I walked the steep, rocky decline into Molinaseca, a valley between mountains. I felt grateful I had out-walked the rain, since, if wet, this particular stretch would have been treacherous. I walked for most of the day with Noel from the Isle of Jersey. He was the second person I’d met from this small island between England and France...it’s such a small world.
We walked into Molineseca. He walked on. Famished, I stopped at a place I remembered from last year which served an English breakfast of eggs, bacon, toast AND beans. It did not disappoint! I'd forgotten how photographic this quaint town was and decided that if ever again on this path, I would rest here at least for most of a day...maybe even the night. This time though, after my breakfast, I walked on alone to Ponferrada.

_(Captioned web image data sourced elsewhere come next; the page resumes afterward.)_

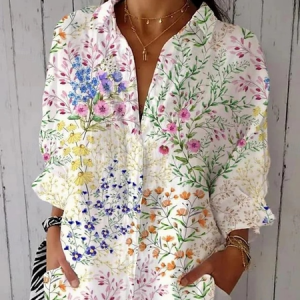 Shirt Collar Long Sleeve Floral Regular Micro-Elasticity Regular Fit Shirt For Women, Blouses, color:As Picture|size:4XL, catalog Noracora shop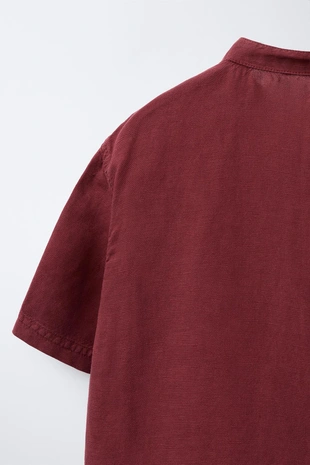 Рубашка из смесового льна с воротником-стойкой- Заказать в России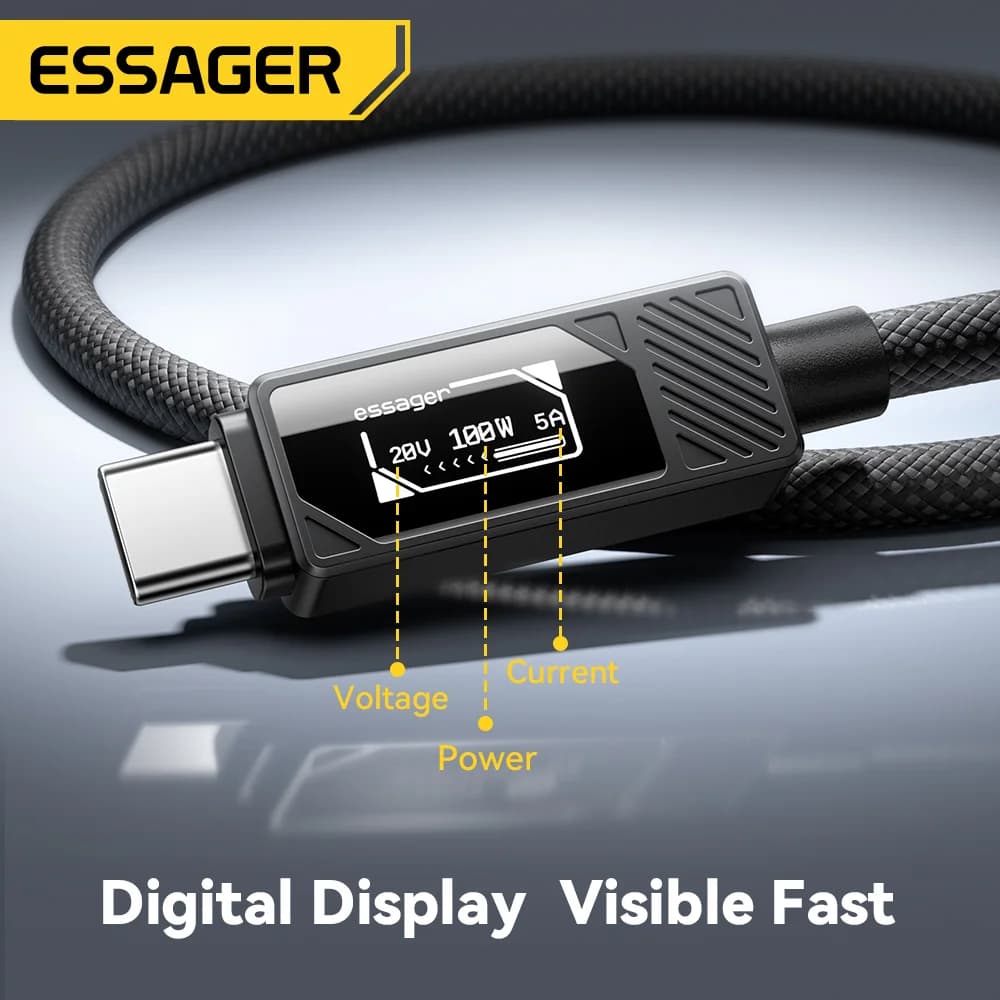 כבל USB-C 100W עם תצוגה דיגיטלית לטעינת PD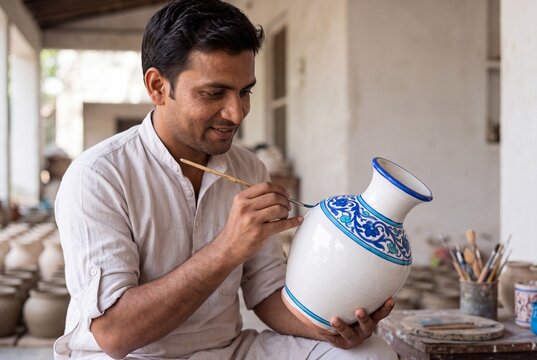 Artisan hand painting blue pottery vase with floral motifs in workshop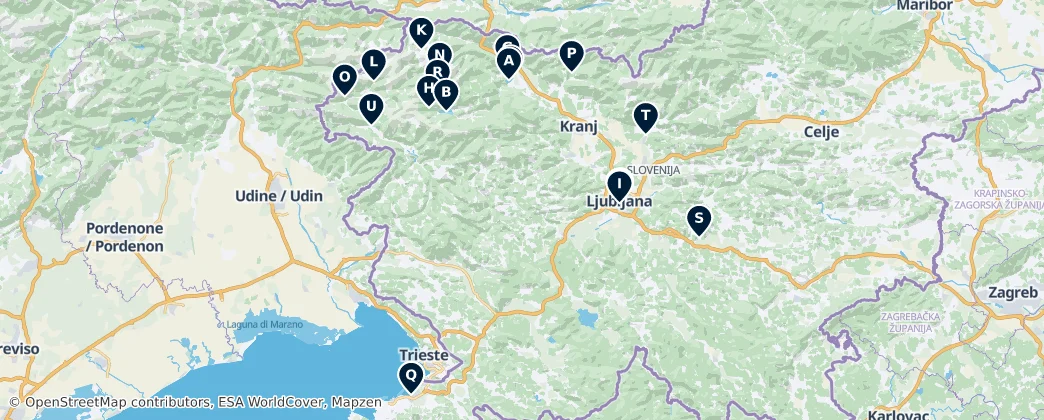 Map of Western Slovenia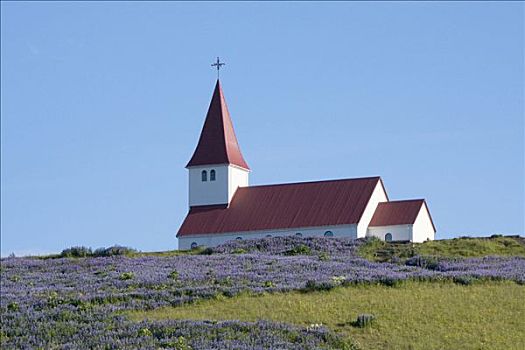 仰视,教堂,冰岛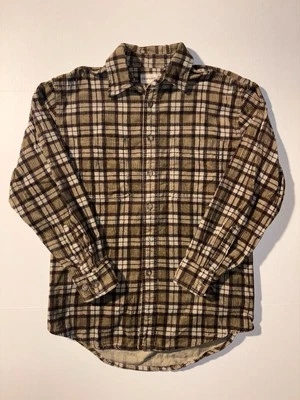 Vtg FieldMaster Flannel Shirt Corduroy Long Sleeve Brown Plaid Medium Western - Image 1 of 4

Ponferrada is a big town (comparatively). The 16,000 square meter Castle of the Templars sits high upon a hill. From Roman times, this position was a valuable place of defense. The castle was built in 1178 AD by Ferdinand II to protect pilgrims traveling to Santiago de Compostela and was owned by the Knights of the Templar Order. Up close, it was massive and conjured up stories of those who passed centuries before.
I stayed on the edge of town, away from the "plaza major", but later met in the old town with my friend, Jacqueline and two Italian girls. One of the Italians was outgoing, boisterous and I'm certain had some karaoke experience. She serenaded us, and any others within earshot, with "O sole mio". I won't forget the volume nor her inhibition. We were quick friends!
Afterwards, I walked back to my hostel, gathered my laundry, and eventually found a lavanderia. That's where I met two fellow peregrinas from California, Sarah and Mitra. We chatted and had a drink together in the bar next-door while waiting for our clothes to wash and dry. I don't believe we were in the safest part of town, and we were glad for each other's company.
With clean clothes and a full stomach, sleep came quickly with dreams of tomorrow.